Sin embargo, las causas acústicas no bastan para explicar la diversidad orquestal. La interpretación musical es, ante todo, una práctica cultural. La partitura no suena por sí misma: necesita ser interpretada. Y cada tradición ha desarrollado su propia manera de entender esa tarea. En el ámbito germánico, la escuela kapellmeisterlich —heredera de la disciplina prusiana— ha privilegiado la claridad estructural, la homogeneidad tímbrica y la exactitud rítmica. En cambio, las orquestas de tradición latina han cultivado un fraseo más libre y un mayor protagonismo del color y la expresividad. Según el musicólogo José Luis García del Busto (2007), “cada nación, cada escuela y cada generación se escuchan a sí mismas cuando interpretan: la música se convierte en espejo de una identidad colectiva”.

El director de orquesta desempeña aquí un papel fundamental. Más que un coordinador, es un mediador entre la obra y la tradición interpretativa que representa. Cuando Nikolaus Harnoncourt —uno de los pioneros del movimiento historicista— afirmó que “la música no existe en el papel, sino en el momento en que suena” (1982), sintetizaba una idea esencial: la partitura es solo un punto de partida, y su realización sonora depende de decisiones artísticas, gestos, respiraciones y tensiones compartidas entre los músicos. Por eso, la misma orquesta puede sonar completamente distinta bajo diferentes batutas: Karajan transformó a la Filarmónica de Berlín en un bloque sonoro de mármol, Rattle la volvió transparente y dinámica, y Petrenko la ha llevado hacia un equilibrio casi quirúrgico.

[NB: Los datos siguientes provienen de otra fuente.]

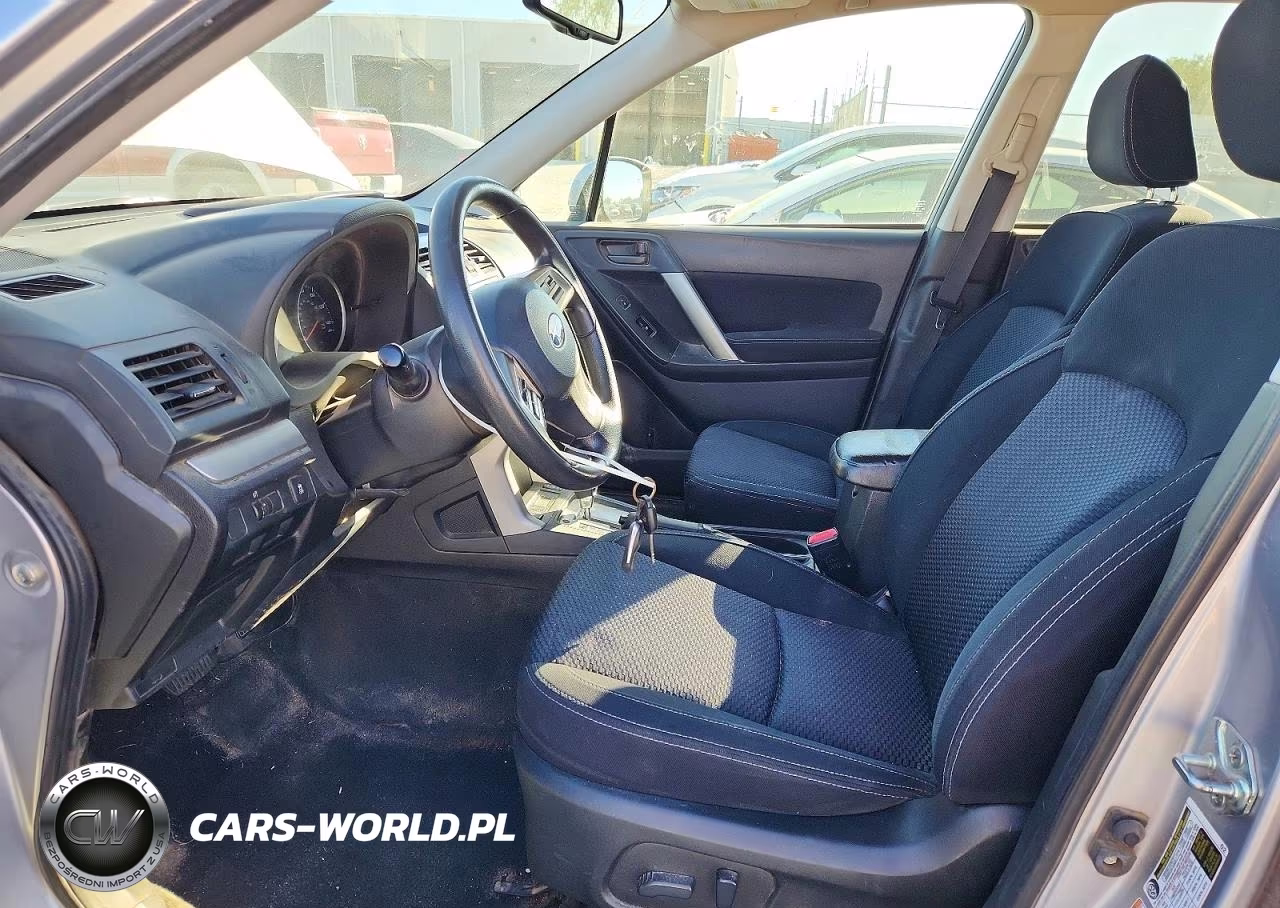 2015 Subaru Forester 2.5I Premium VIN:JF2SJADC8FH450314 - 7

Con el paso del tiempo, esas elecciones interpretativas van generando una personalidad sonora propia, una especie de ADN acústico que distingue a cada orquesta. No se trata solo del color o la afinación, sino de una manera de entender el sonido colectivo. Como ha señalado el musicólogo español Tomás Marco (2016), “toda agrupación estable desarrolla una memoria auditiva, un modo de frasear y de respirar que se convierte en seña de identidad”. Esa memoria se transmite oralmente entre generaciones: los músicos veteranos enseñan a los nuevos cómo articular, cómo equilibrar las secciones o cómo producir un vibrato característico. Así se conservan tradiciones sonoras que resisten los cambios de director o de repertorio.

La psicología de la percepción también interviene. Nuestro oído no capta cada instrumento por separado, sino que integra los sonidos en patrones complejos. El resultado es que reconocemos el “sonido vienés” o el “sonido berlinés” no solo por lo que oímos, sino por cómo nuestro cerebro asocia ese timbre con una identidad colectiva. Esta dimensión perceptiva explica por qué el sonido de una orquesta no puede copiarse fácilmente: está hecho tanto de física como de memoria emocional.

En definitiva, dos orquestas pueden tocar las mismas notas y, sin embargo, contar dos historias distintas. La diferencia no radica en la fidelidad al texto, sino en la riqueza de las interpretaciones posibles. La acústica define el espacio donde el sonido se propaga; la tradición interpretativa ofrece el marco de sentido; y la personalidad sonora revela quién está hablando. Como recordaba el compositor y ensayista Luis de Pablo (2013), “la música es siempre re-creación: cada interpretación es un acto de pensamiento sonoro”.

Por eso, escuchar versiones distintas de una misma obra no es comparar para elegir la “mejor”, sino descubrir las múltiples formas que puede adoptar la verdad musical. Cada orquesta encarna una manera de escuchar el mundo, y en esa diversidad se encuentra el verdadero milagro del arte: que una sola partitura pueda albergar infinitas voces sin dejar nunca de ser la misma.

Si quieres profundizar, te comparto mi bibliografía:

  • Basso, G. (2014). Acústica musical aplicada: El sonido en los espacios escénicos. Universidad Nacional de La Plata.

  • Casares, E. (2000). Historia de la música española contemporánea. Alianza Música.

  • De Pablo, L. (2013). Escritos y conversaciones sobre música. Fundación BBVA.

  • García del Busto, J. L. (2007). Música española de hoy. Sociedad General de Autores y Editores.

  • Harnoncourt, N. (1982). El discurso musical. Alianza Editorial.

  • Marco, T. (2016). Historia de la música española del siglo XX. Alianza Música.

  • Romanillos, J. L. (1998). La guitarra: Arte y tradición. Turner Música.